若手社員とのコミュニケーション改善に向けてできること

まずは関心をもって話を聴いてみる

コミュニケーションをより良くする一つの策として、“1on1ミーティング”があります。1on1ミーティングの目的は、成長支援をする場であると言われています。上司が伝えたいことを言い諭す場ではなく、部下が考えていることやモヤモヤしていることをまずはしっかりと“聴き”、課題解消・ビジョン共有の機会として、“定期的に”“高頻度で”かつ“短時間で”行なっていくことが重要です。

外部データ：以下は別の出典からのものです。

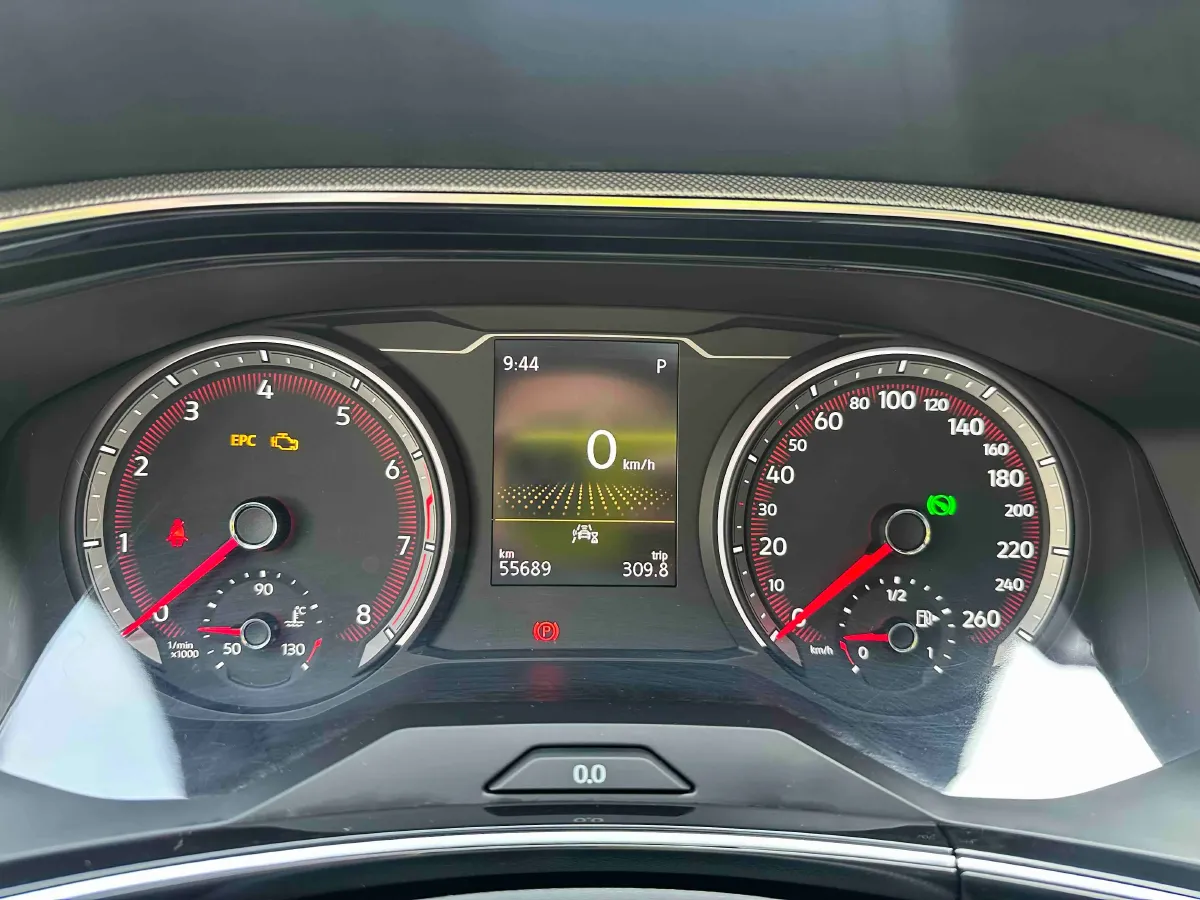 2020 Volkswagen Tayron 2.0T 186HP L4 7DCT,autocango,china used car exporter,china ev exporter,chinese used car exporter,chinese used ev exporter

1on1ミーティングでは、関係性の質の向上、個々の幸福度や行動の変容といった人間性に着目した対話をしていきます。いくつかの問いかけを重ねながら、小さなところから、自己肯定感や貢献意識、信頼関係を強化していく機会と捉えると良いでしょう。

メンター制度を導入する

若手社員に対し、直属の上司ではない“斜め上”の先輩が、働く上でのマインドや職場の文化を伝え、成長を後押しする“メンター”を仕組み化するメンター制度も効果的です。新卒・若手社員にとってのメンターは、配属先の人間関係や、あいさつ・電話対応などのマナー、報告・連絡・相談の仕方や迷ったときの判断軸など、社会人として大切な“職場が有する見えない資産”を教えていく大切な存在です。

これからの時代のメンターに求められるのは“つなげること”と“見える化すること”です。“職場が有する有形・無形の資産”を言葉で伝えていくことで、メンバー個々が自社の文化や仕事の意義に触れやすくなり、より良いES(従業員満足)の状態で働き続けることができるようになる、という点に導入の意義があるのです。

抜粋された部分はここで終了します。